### WHAT TO PRODUCE
Copy, word for word, the lines of the entries below between the one with "German Shepherd Puppies" and the one with "How To Use Fruit", inclusive, and leave out everything else.

======== INPUT ========

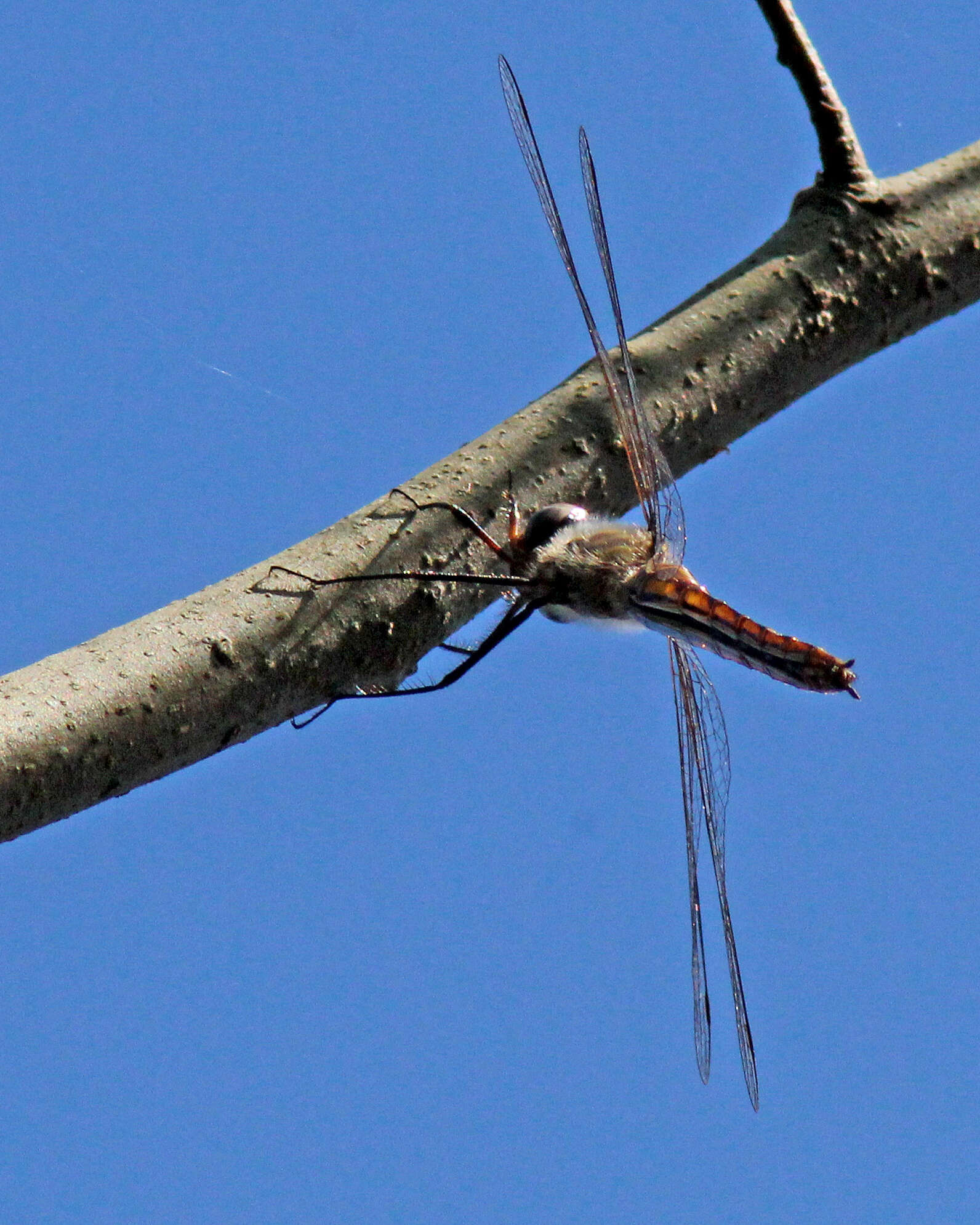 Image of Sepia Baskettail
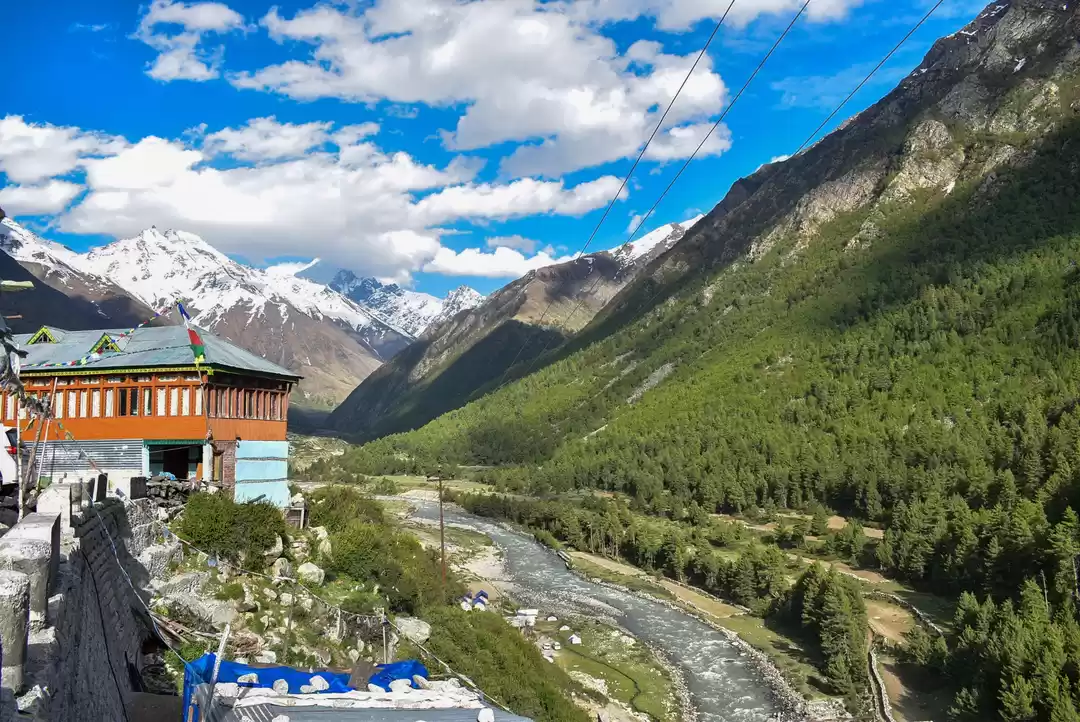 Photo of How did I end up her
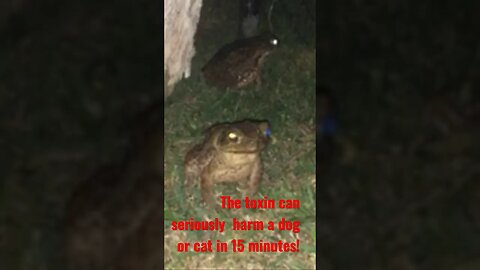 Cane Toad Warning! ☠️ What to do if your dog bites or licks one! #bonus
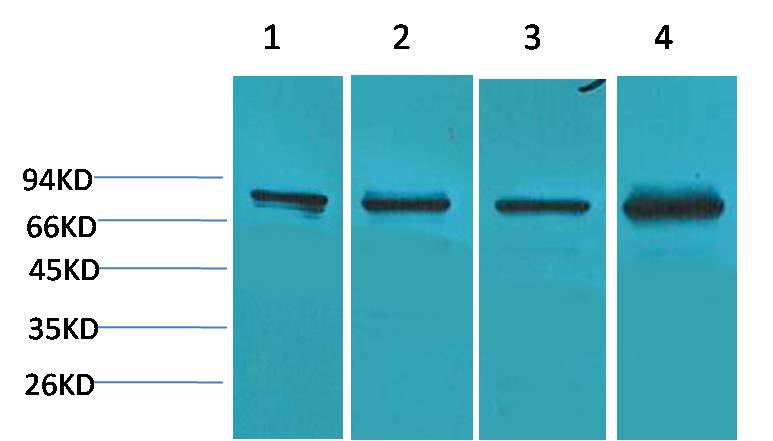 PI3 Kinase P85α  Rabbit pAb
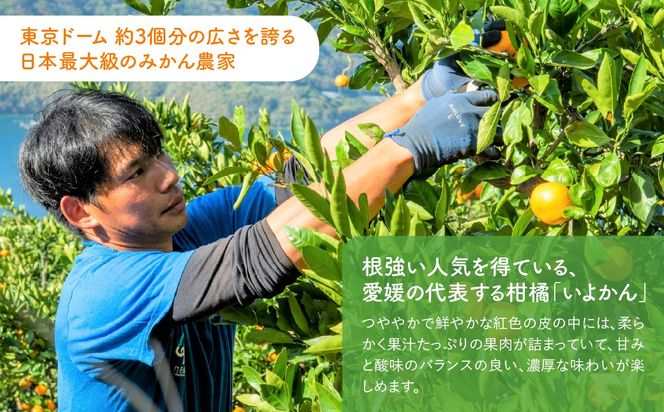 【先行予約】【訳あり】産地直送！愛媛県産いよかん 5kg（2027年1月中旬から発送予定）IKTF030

========
======== INPUT ========

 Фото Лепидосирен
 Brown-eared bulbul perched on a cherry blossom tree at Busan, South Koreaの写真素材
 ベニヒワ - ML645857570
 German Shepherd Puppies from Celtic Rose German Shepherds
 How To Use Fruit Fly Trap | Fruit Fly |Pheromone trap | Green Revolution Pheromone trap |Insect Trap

========

### EXERCISE ANSWER
 German Shepherd Puppies from Celtic Rose German Shepherds
 How To Use Fruit Fly Trap | Fruit Fly |Pheromone trap | Green Revolution Pheromone trap |Insect Trap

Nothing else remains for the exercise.